El Estado colombiano no debe usar las medidas para responder a la pandemia del COVID-19 como pretexto para disminuir o retirar los esquemas de protección para personas defensoras de derechos humanos y líderes sociales, dijo Amnistía Internacional hoy.

“Colombia es uno de los países más letales del mundo para las personas defensoras de derechos humanos y líderes sociales y ahora, en el contexto del COVID-19, enfrentan aún mayores riesgos. Debido a las restricciones impuestas para contener la pandemia, sus esquemas de protección estatal han sido disminuidos, no pueden moverse continuamente de una ubicación a otra para su seguridad, y sus agresores saben que las fuerzas de seguridad pública están enfocadas en atender temas relacionados con la pandemia”, dijo Erika Guevara Rosas, directora para las Américas de Amnistia Internacional.

“Las autoridades colombianas no pueden dejar que las personas defensoras sufran ataques y amenazas. El Estado debe mantener sus esquemas de protección otorgados y debe generar estrategias de protección colectiva para comunidades en situaciones de riesgo, a la par que implementa medidas preventivas para contener el COVID-19.”

Amnistia Internacional ha recibido información que los esquemas de protección ofrecidos por la Unidad Nacional de Protección a por lo menos dos personas defensoras han sido reducidos en los últimos días. En un caso, debido a la disminución del número de sus escoltas, el defensor se ha visto obligado a esconderse por miedo de recibir ataques por parte de grupos armados que lo han amenazado debido a su labor en defensa de los derechos humanos. A otro defensor se le ha retirado los rondines nocturnos, lo que le podría exponer a ataques.

El 24 de marzo, Amnistía Internacional publicó una serie de recomendaciones a los Estados de las Américas a fin de garantizar que sus respuestas al COVID-19 están en consonancia con sus obligaciones internacionales en materia de derechos humanos. Expertos de las Naciones Unidas también han instado a los Estados a que las medidas adoptadas en el marco de la pandemia no resulten en el silenciamiento de personas defensoras de derechos humanos. 

Desde hace una semana, al menos seis personas líderes sociales y defensoras de derechos humanos han sido asesinados en Colombia. El 19 de marzo se reportó el asesinato de Ivo Humberto Bracamonte Quiroz, concejal de Puerto Santander y director del noticiero virtual NPS, mientras realizaba ejercicio en la cancha del barrio Beltranía en Puerto Santander.

Ese mismo día, tres hombres armados asesinaron a Marco Rivadeneira, dirigente de comunidades campesinas del Putumayo e integrante de la Mesa Nacional de Garantías, tras sacarle de una reunión de campesinos en la vereda Nueva Granada en Puerto Asís.
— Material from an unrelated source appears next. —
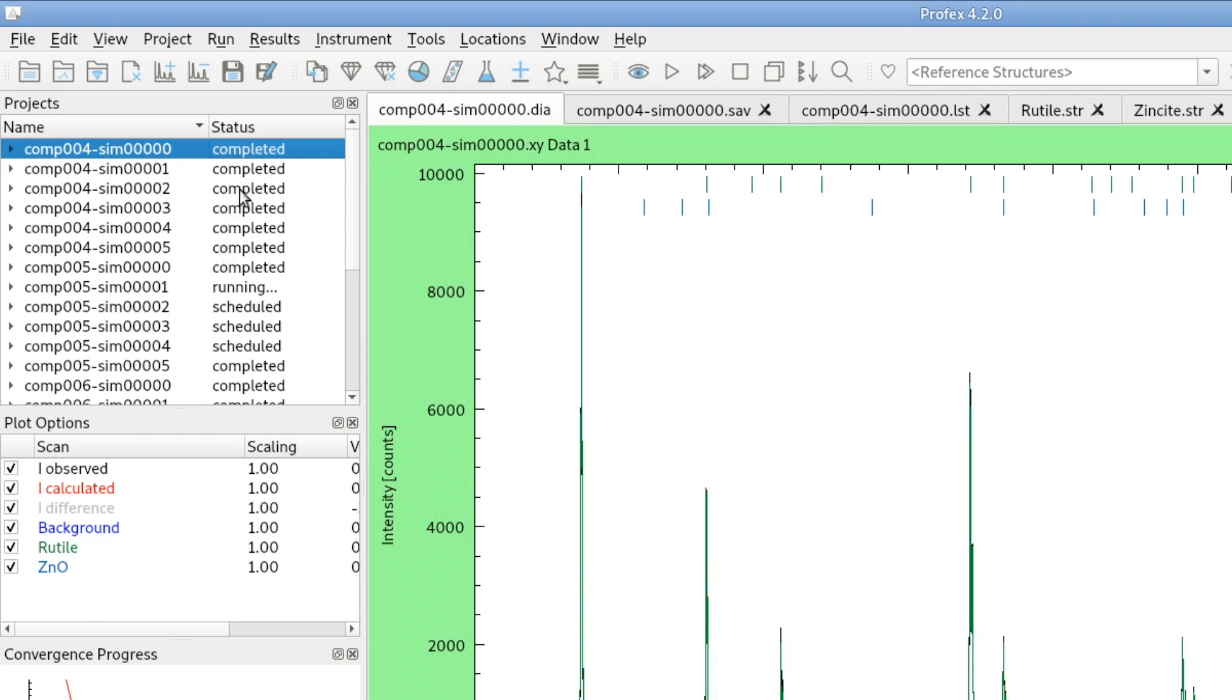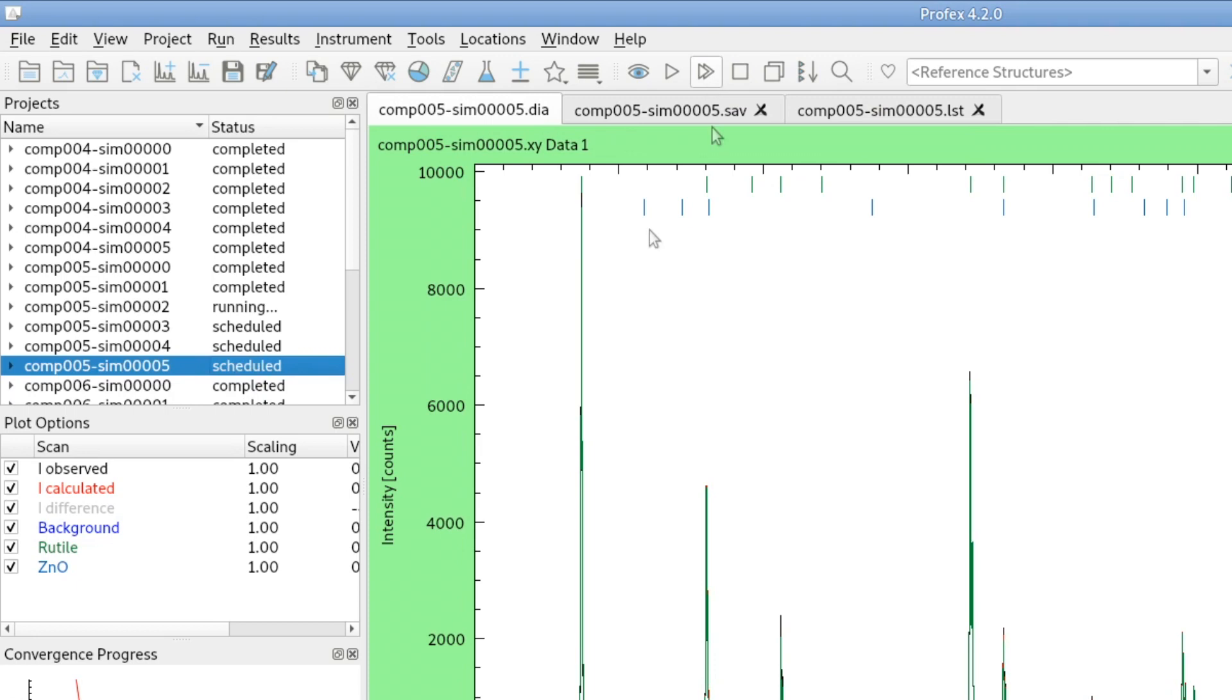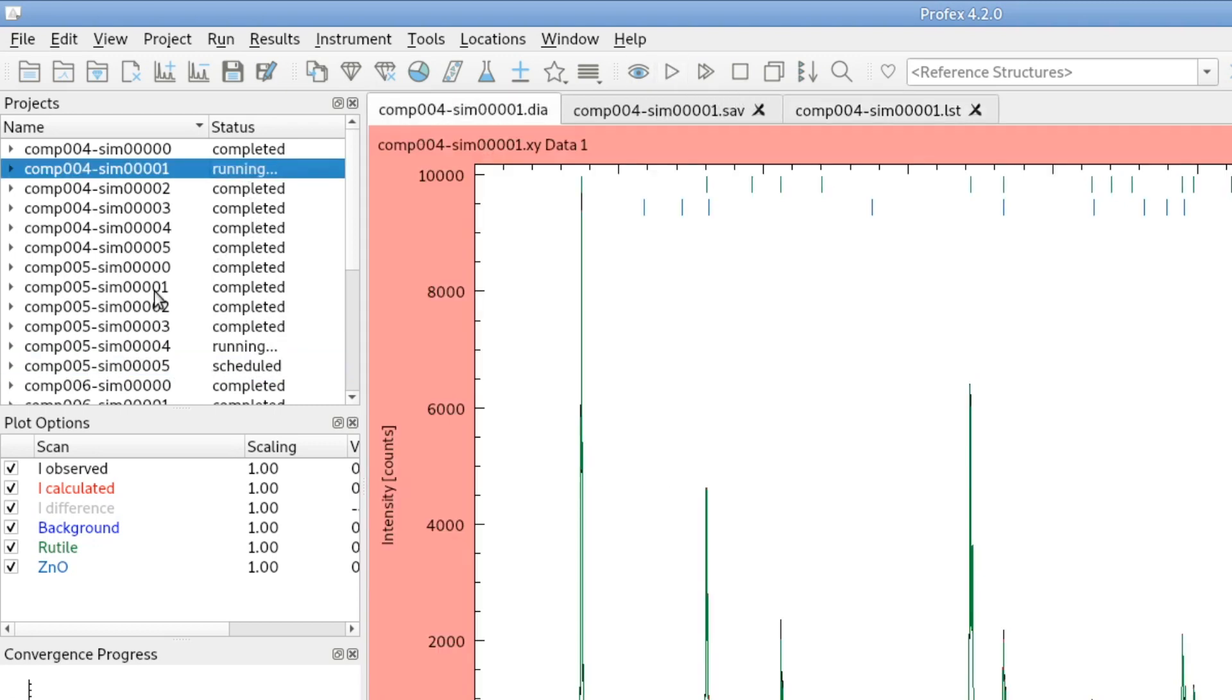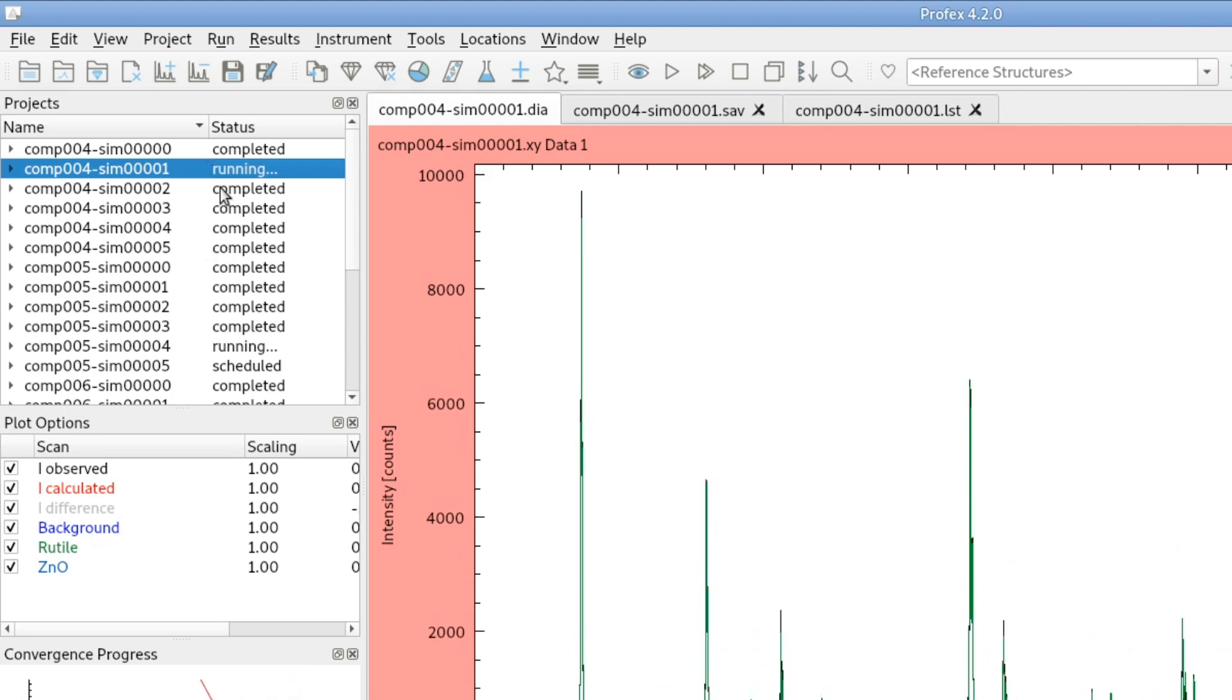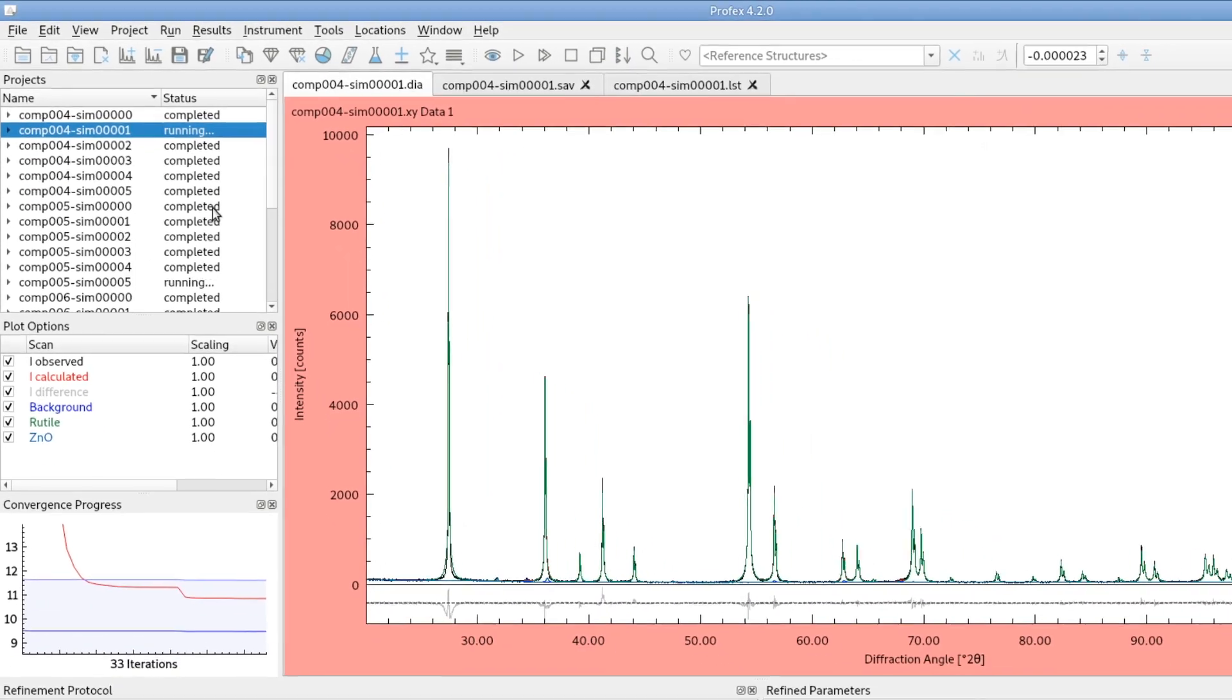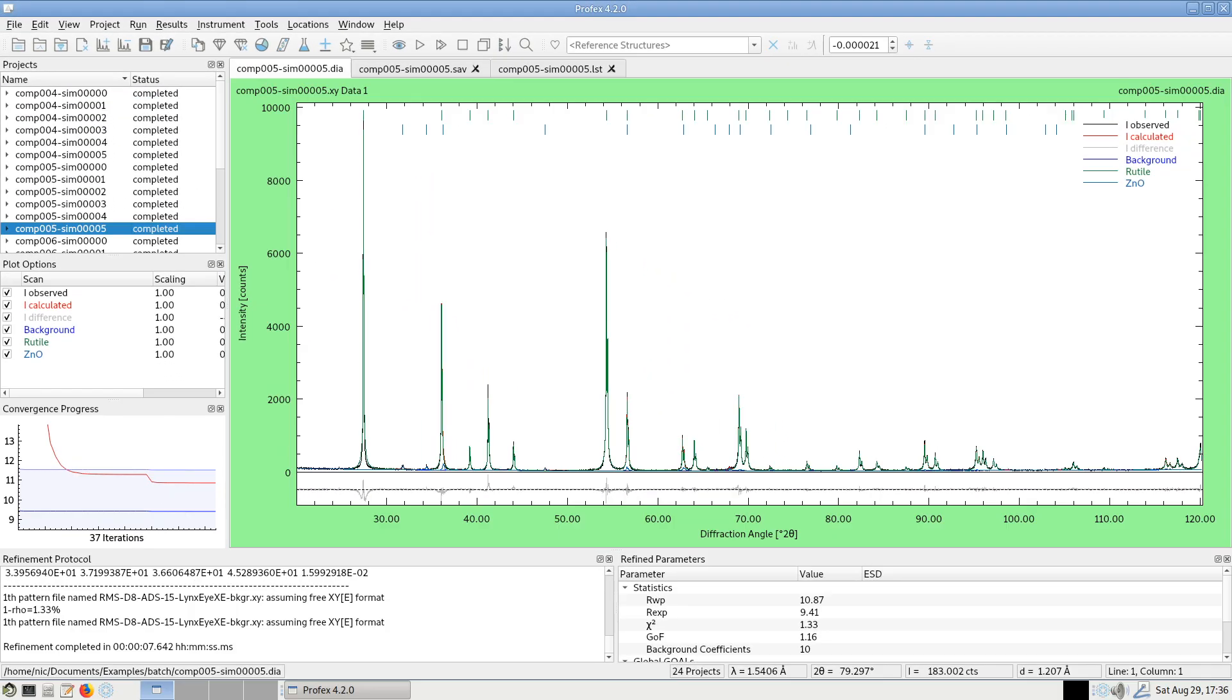If I select another project or multiple projects and click batch refinement again, it will not start a new refinement. It will just be appended to the running batch. So we can start an individual refinement like this one, but we cannot start a second batch. Instead, if we want to start another batch, it will just be scheduled for the running batch. This is how batch refinements work in Profex.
Ángel Ovidio Quintero González, líder social y presidente del Consejo de San Francisco en el departamento de Antioquía, también fue asesinado ese día. El Alcalde de San Francisco reportó que Quintero fue víctima de un tiroteo, y aunque logró escapar del mismo, su cuerpo fue encontrado en un río horas más tarde.

El 24 de marzo, la Organización Regional Indígena Del Valle del Cauca (ORIVAC) reportó que dos líderes indígenas Embera, Omar y Ernesto Guasiruma, fueron asesinados en la zona rural del municipio de Bolívar mientras cumplían la cuarentena dispuesta por el gobierno en su domicilio. La ORIVAC también informó que dos miembros de la misma familia resultaron heridos en el ataque.

Carlota Isabel Salinas Péres, lideresa que integraba la ONG Organización Femenina Popular, también fue asesinada el 24 de marzo en el municipio del San Pablo en el departamento de Bolívar. Sobre las 8 de la noche, hombres armados llegaron a su vivienda en el barrio Guarigua y le mataron a disparos. Hoy su pareja se encuentra desaparecida.